And, the sequel, or a sequel. I told my mother I'd read a sequel to Rebecca by some romance hack. She said, "Was the title Mrs. Dewinter? What else could it be?" Yes it was.

I read Rebecca at 12 or 13 and spent many hours telling Maxim how things were going to be, and packing Danny off with a flea in her ear. Also, in the Celluloid Closet, the bit about the (awesome) movie is first rate. Danny loved R. Reeeeally.

3penny (#233,941)

If there is a more perfect vacation novel out there, I have yet to find it. Campy enough to thrill! Old enough to seem kind of classy! Dense enough for a long trip! Cheap enough to discard like one of Rebecca's boytoys! If someone could hybridize Du Marier and Wilkie Collins, trans-Pacific flights would be much easier on the soul.

SuperMargie (#1,263)

I had watched "Rebecca" for the first time and not even a week later, I watched the doc "Celluloid Closet". They had a huge piece on Mrs. Danvers and her lust for Rebecca, and how groundbreaking it was in film that it wasn't "straightened out".

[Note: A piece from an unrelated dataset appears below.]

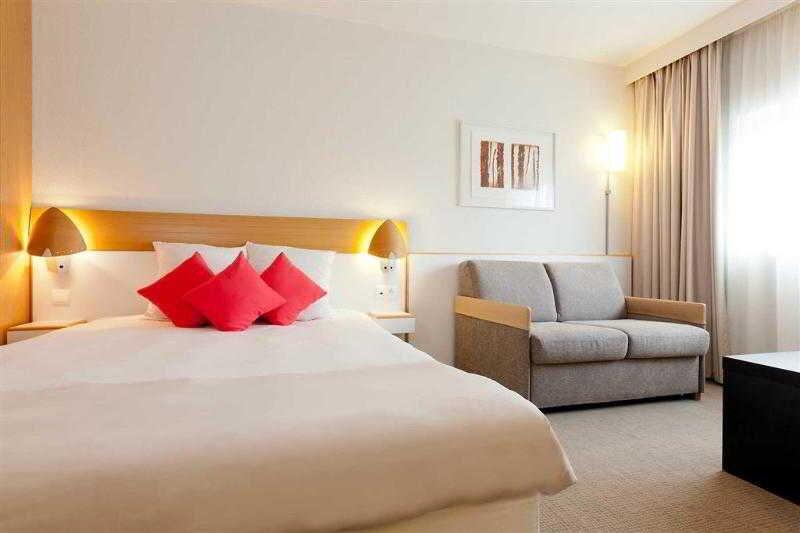 Foto general de Hotel Novotel Paris Orly Rungis Aéroport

J. L. A.@twitter (#233,995)

Oh Daphne, I love her. Though I tried to read her first novel The Loving Spirit recently. Not very good.

And my name would be Cordelia Chestnut.

Delighted By User (#237,535)

"I awoke with a start, my legs still twitching, as though I was bounding over fields and stone walls after rabbits as I had in my youth, though my youth was far behind me. Last night, again, I dreamed I went to Manderly."
My pen name would be Amanda Crest, after Mandacrest, the manor in Irma Vep.

bellaspruce (#237,546)

I've read Rebecca's Tale and it does a fantastic job of telling Rebecca's side of the story. A Sargasso-type treatment. As a longtime fan of Rebecca, I highly recommend it.

tanglecat (#237,550)

OK, people, how did we get this far in the comments with no one saying Jamaica Inn? Actual "getting ravished by pirates" action, way before Johnny Depp made it mainstream. DuMaurier's second best novel, and another truly excellent vacation read. Much less pathetic heroine, too.

irieagogo (#209,640)

It's a million years since I've read "Rebecca" but I remember liking it a lot, and the movie too. I read a lotta gothic-y weird governess novels after "Jane Eyre" when I was a young teen. There was one by a woman named Anya Seton called "Dragonwyck" that I have been thinking about recently. Has anyone ever read it? It has a tempestuous Lord O' the manor type guy and it's not clear if it's a good thing or not that the heroine, Miranda, has ended up marrying him after his first wife dies. Is he a good egg, but just grumpy like Mr. Rochester, or more evil than that? The characters also visit Edgar Allen Poe in his hovel while he and his wife cough up consumptive blood specks into hankies!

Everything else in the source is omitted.